In her presentation, Allison Petrozziello, Wilfrid Laurier University, noted that there are opportunities to expand access to rights, for example, in the leave-noone-behind principle of the SDGs. But in practice, new technologies present several threats and, in the context of migrant exclusion, statelessness and rightlessness in south-south migration, the children of migrants and refugees are indeed at risk of being left behind.
Jennifer Kandjii, Balsillie School of International Affairs, presented research on government policies in South Africa that render refugees and asylum seekers vulnerable not only to food insecurity, but also to violence. Addressing exclusionary and discriminatory policies and practices, and combatting xenophobia in everyday spaces is integral to improving food security among migrants.
In his presentation on migrant vendors and urban food governance in Cape Town, South Africa, Percy Toriro used data collected in the Hungry Cities Partnership survey on informal food vendors in Cape Town.
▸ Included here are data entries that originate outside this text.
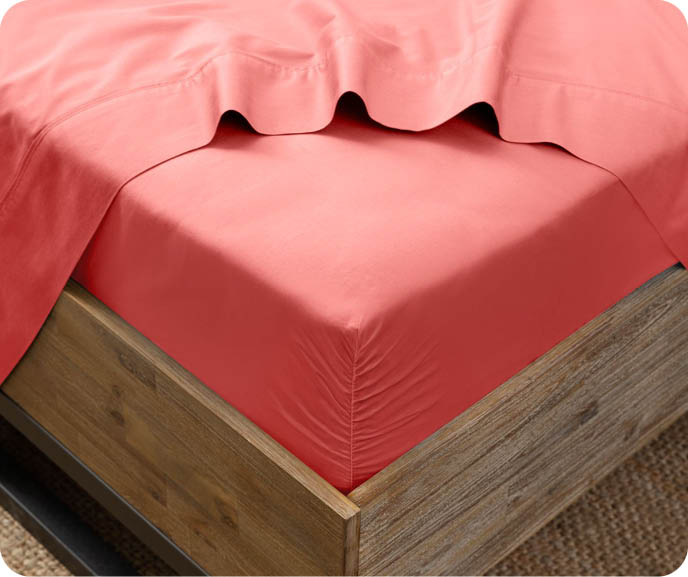Our Bamboo Cotton Fitted Sheet in Hibiscus are a vibrant salmon pink colour and can be bought separately or as a sheet set.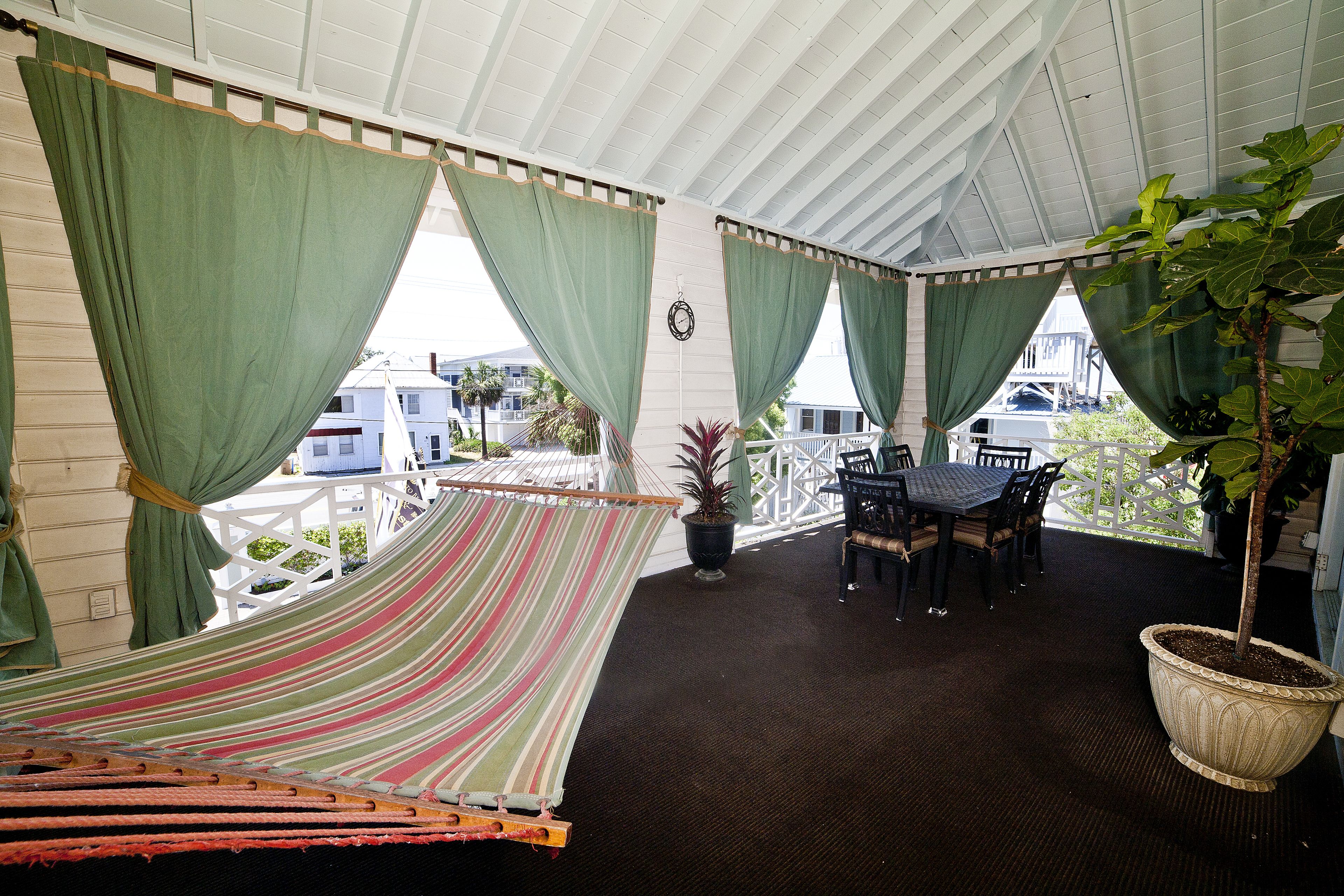 A covered outdoor seating area with a hammock, a table with chairs, and a potted plant.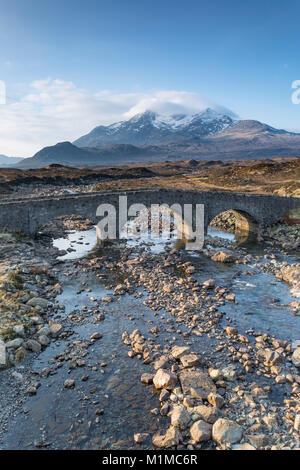 Il Cuillin Hills e il vecchio ponte di Sligachan, Isola di Skye in Scozia. Il vertice di Sgurr nan Gillian (964 m) è visibile attraverso le nuvole. Foto Stock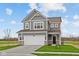 Charming two-story home with gray siding, white trim, two-car garage, and landscaped yard at 2310 Marjorie Way, Shelbyville, IN 46176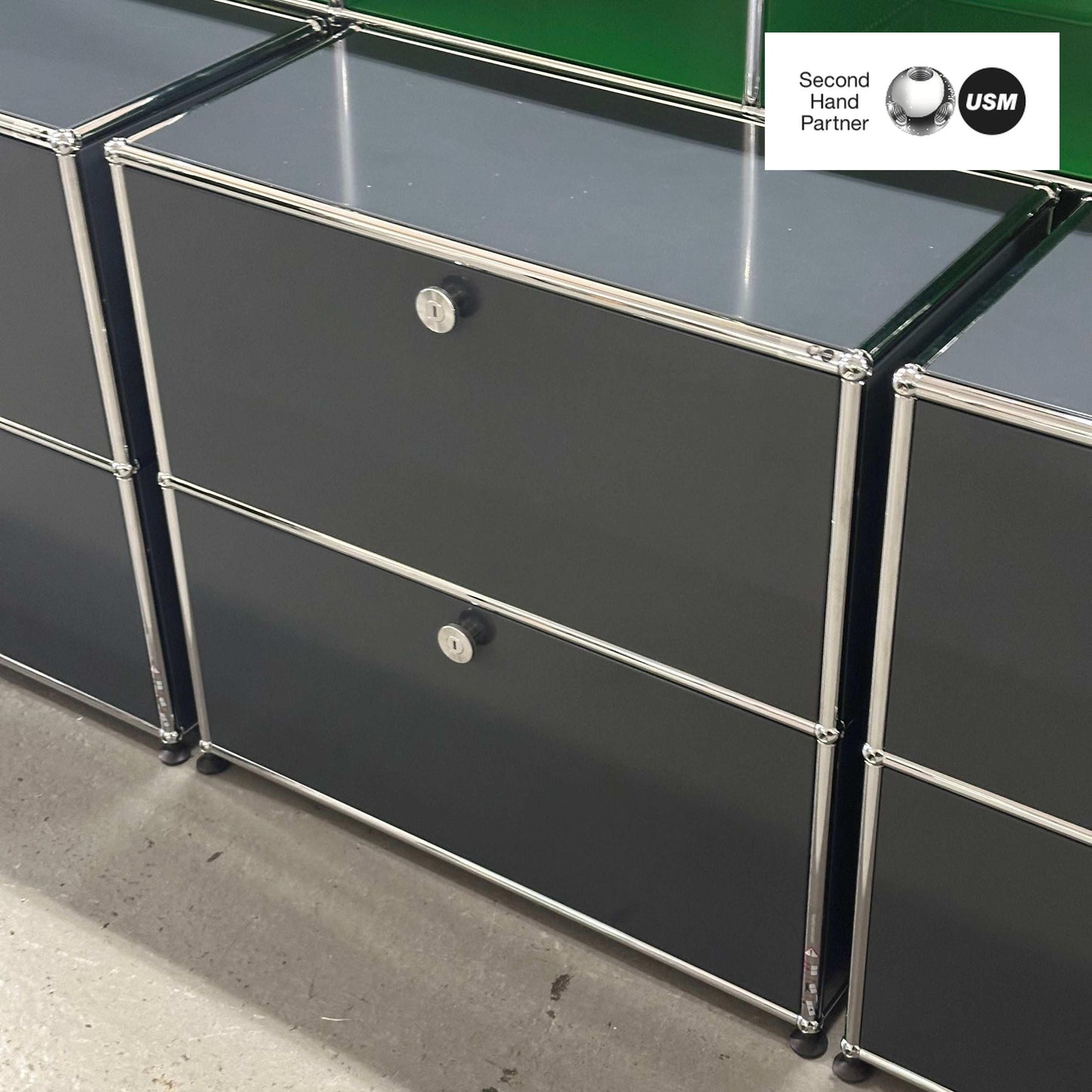 USM Haller Sideboard in anthracite color with two flap doors and chrome frame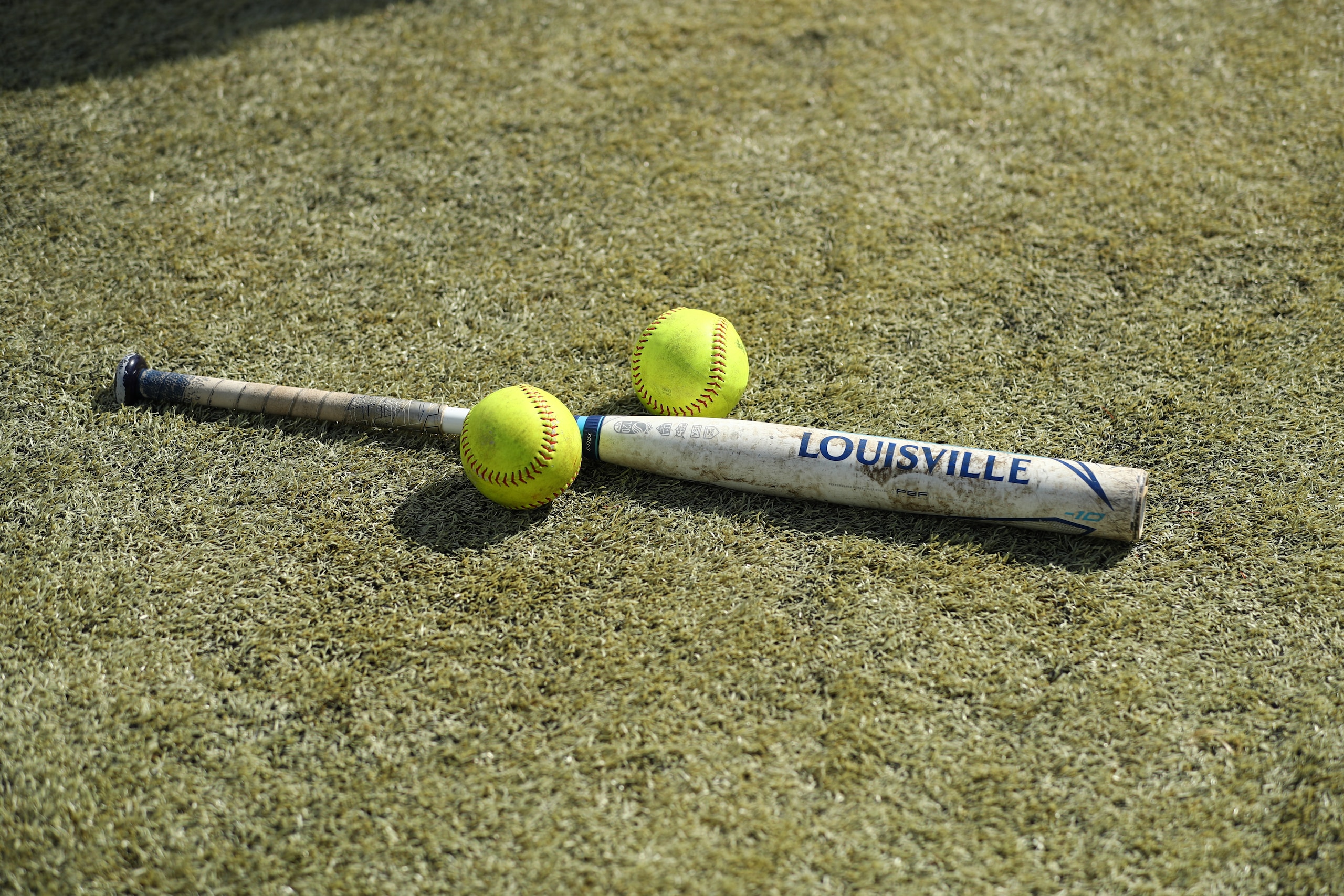 DENVER, CO - JUNE 1: Softballs and a bat rest on the ground before game 3 of the Division II Women's Softball Championship between Biola Eagles and West Texas A&M Buffs held at The Regency Athletic Complex at MSU on June 1, 2021 in Denver, Colorado. The West Texas A&M Buffs defeated the Biola Eagles, 4-1.  (Photo by C. Morgan Engel/NCAA Photos via Getty Images)
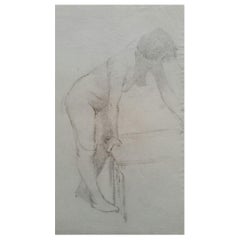 Esquisse de portrait au graphite d'une femme nue, penchée
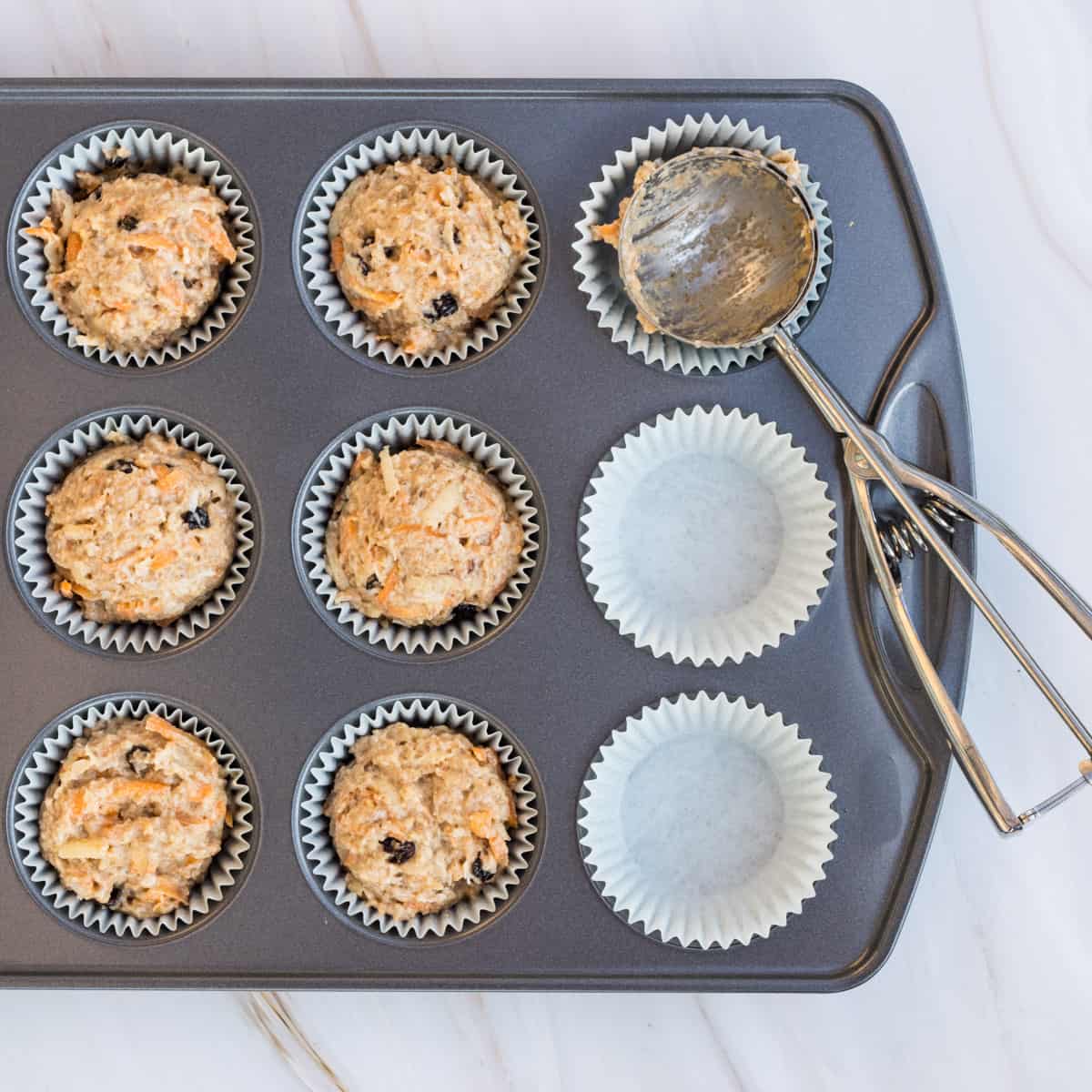 Teig für süße Frühstücksmuffins auf eine Muffinform verteilt, mit einem Eisportionierer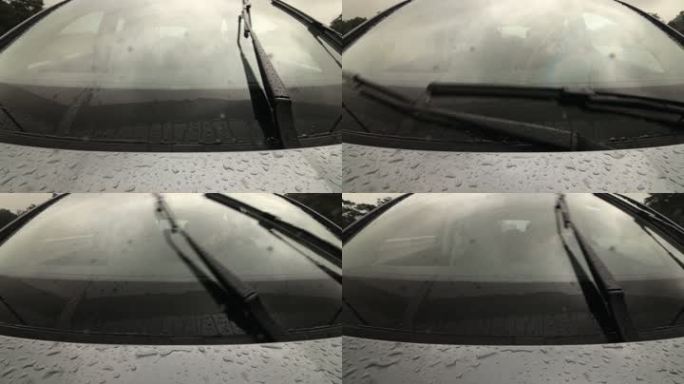 大雨中在潮湿道路上驾驶汽车的男子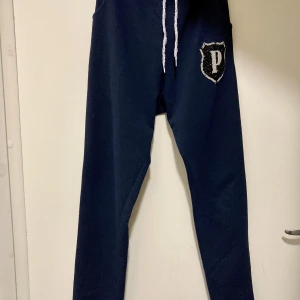 Mörkblå mjuka byxor Stl S/M - PP replika, mjuka byxor, mörkblå med strassdetaljer i svart o silver, fint skick, inget att anmärka på, stl L men passar bättre en S/liten M.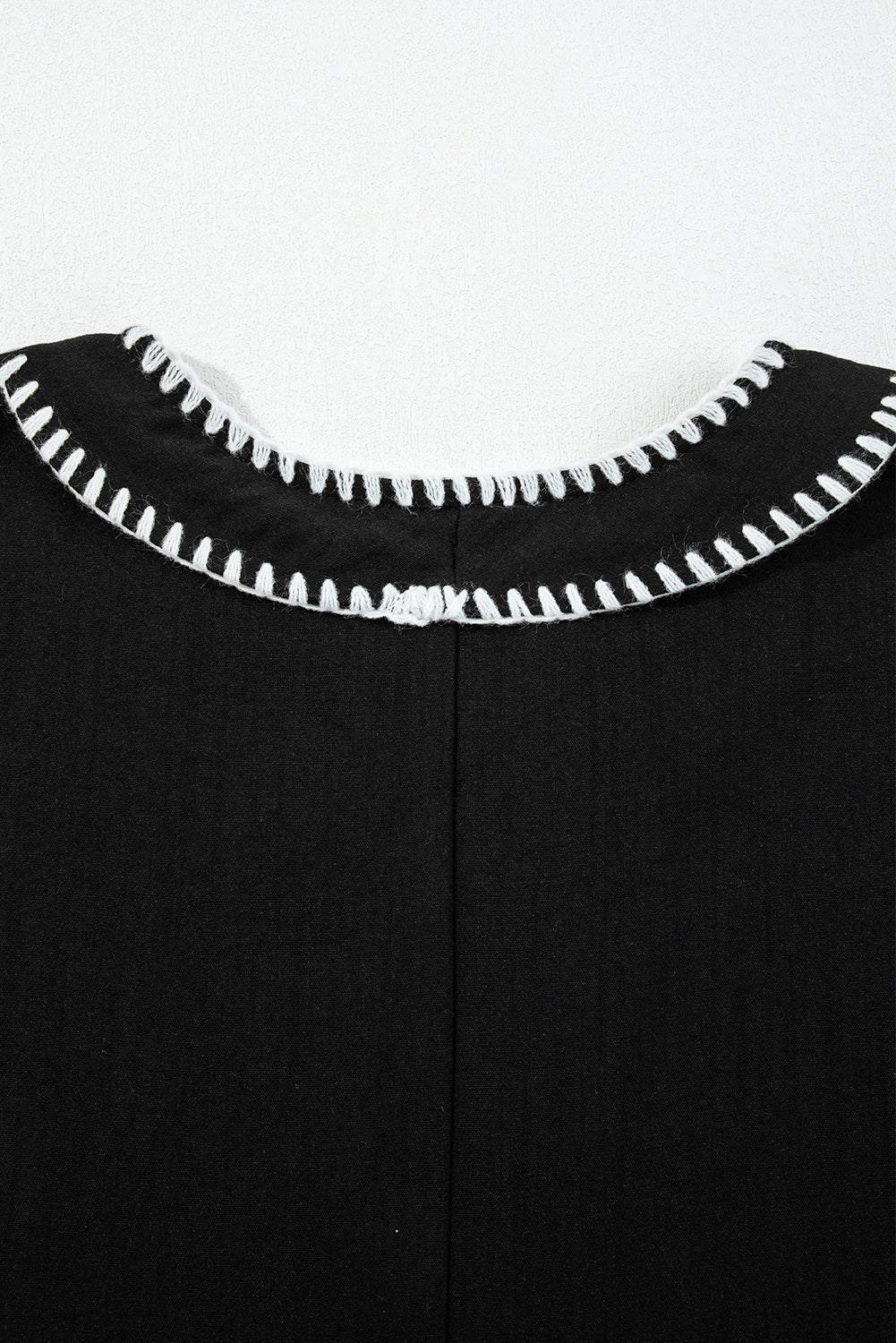 Black garment back neckline with white contrast stitch detailing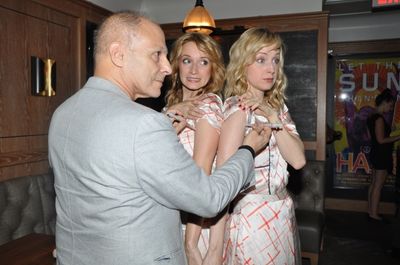 Dr. Barry Kohn gives Emily Padgett and Erin Davie Flu shots Photo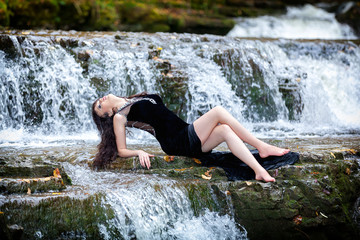 Cute brunette sitting in river raising legs and holding black dress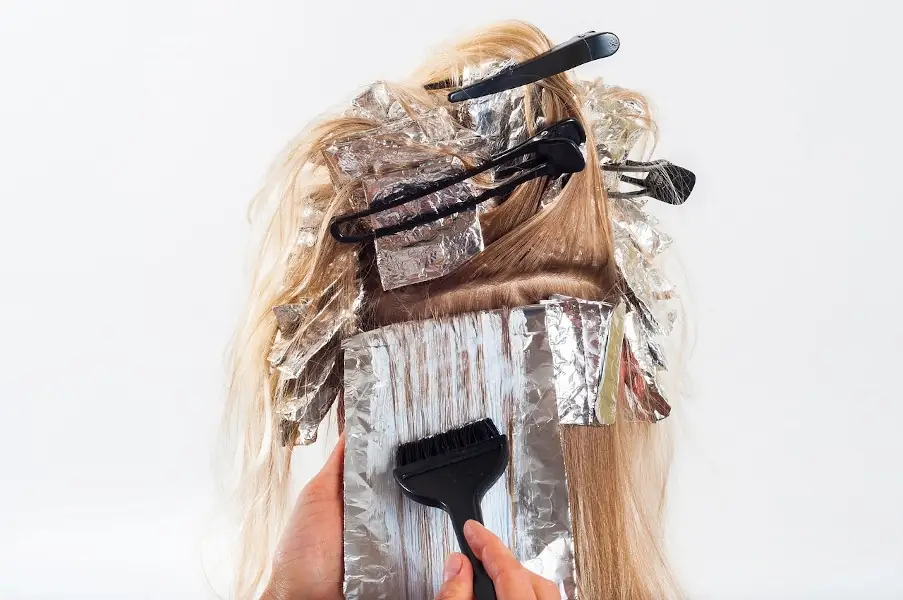 Peluquera tiñiendo a un cliente
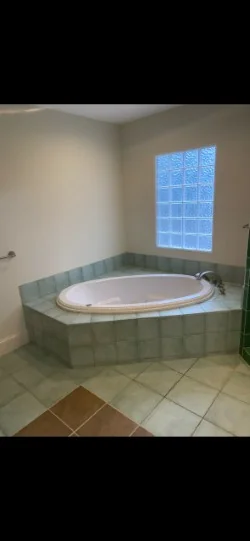Corner bathtub with green tile deck and mixed-color floor before resurfacing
Urbanization, migration, informal trading and urban food systems are interconnected and we need to understand them collectively.
Cherie Enns, University of Fraser Valley, and Stephen Otieno, C40 Nairobi food advisor, presented lessons from Nairobi, Kenya, and Dar es Salaam, Tanzania, with the aim of outlining a framework for developing policy and planning at city level to meet the children’s food security needs. In Nairobi, 41% of the 6.5 million population is under the age of 19. The Kenyan capital hosts 31% of the country’s in-migrants and the most frequent reasons for migration are unemployment, food insecurity and conflict. In Dar es Salaam, 38% of the population is under the age of 15.